Determination of [11C]PBR28 binding potential in vivo: a first human TSPO blocking study

Positron emission tomography (PET) targeting the 18 kDa translocator protein (TSPO) is used to quantify neuroinflammation. Translocator protein is expressed throughout the brain, and therefore a classical reference region approach cannot be used to estimate binding potential (BP_ND). Here, we used blockade of the TSPO radioligand [¹¹C]PBR28 with the TSPO ligand XBD173, to determine the non-displaceable volume of distribution (V_ND), and hence estimate the BP_ND. A total of 26 healthy volunteers, 16 high-affinity binders (HABs) and 10 mixed affinity binders (MABs) underwent a [¹¹C]PBR28 PET scan with arterial sampling.
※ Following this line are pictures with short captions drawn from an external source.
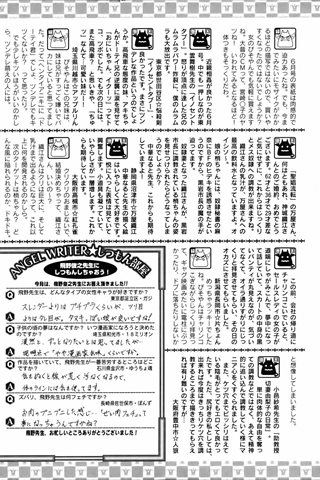 成年コミック雑誌 - [エンジェル倶楽部] - COMIC ANGEL CLUB - 2006.07 発行 - 0414.jpg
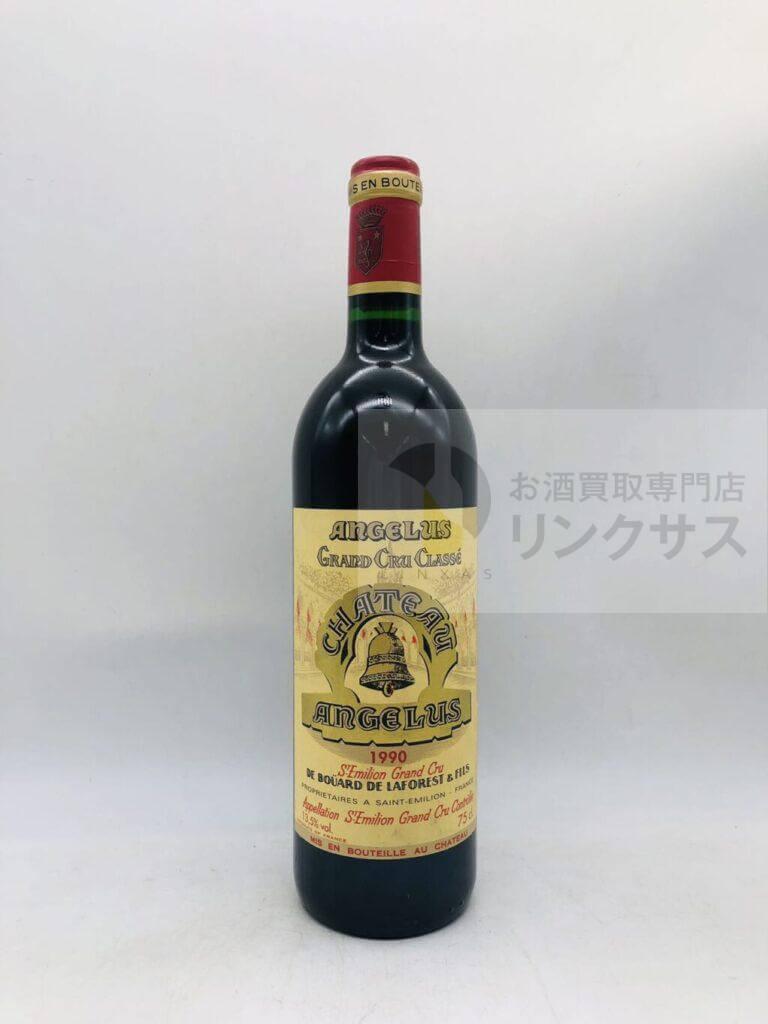 シャトーアンジェリュス1990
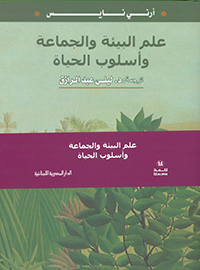 book-cover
Six of the HABs received oral XBD173 (10 to 90 mg), 2 hours before a repeat scan. In XBD173-dosed subjects, V_ND was estimated via the occupancy plot. Values of BP_ND for all subjects were calculated using this V_ND estimate. Total volume of distribution (V_T) of MABs (2.94±0.31) was lower than V_T of HABs (4.33±0.29) (P<0.005). There was dose-dependent occupancy of TSPO by XBD173 (ED50=0.34±0.13 mg/kg). The occupancy plot provided a V_ND estimate of 1.98 (1.69, 2.26). Based on these V_ND estimates, BP_ND for HABs is approximately twice that of MABs, consistent with predictions from in vitro data. Our estimates of [¹¹C]PBR28 V_ND and hence BP_ND in the healthy human brain are consistent with in vitro predictions. XBD173 blockade provides a practical means of estimating V_ND for TSPO targeting radioligands.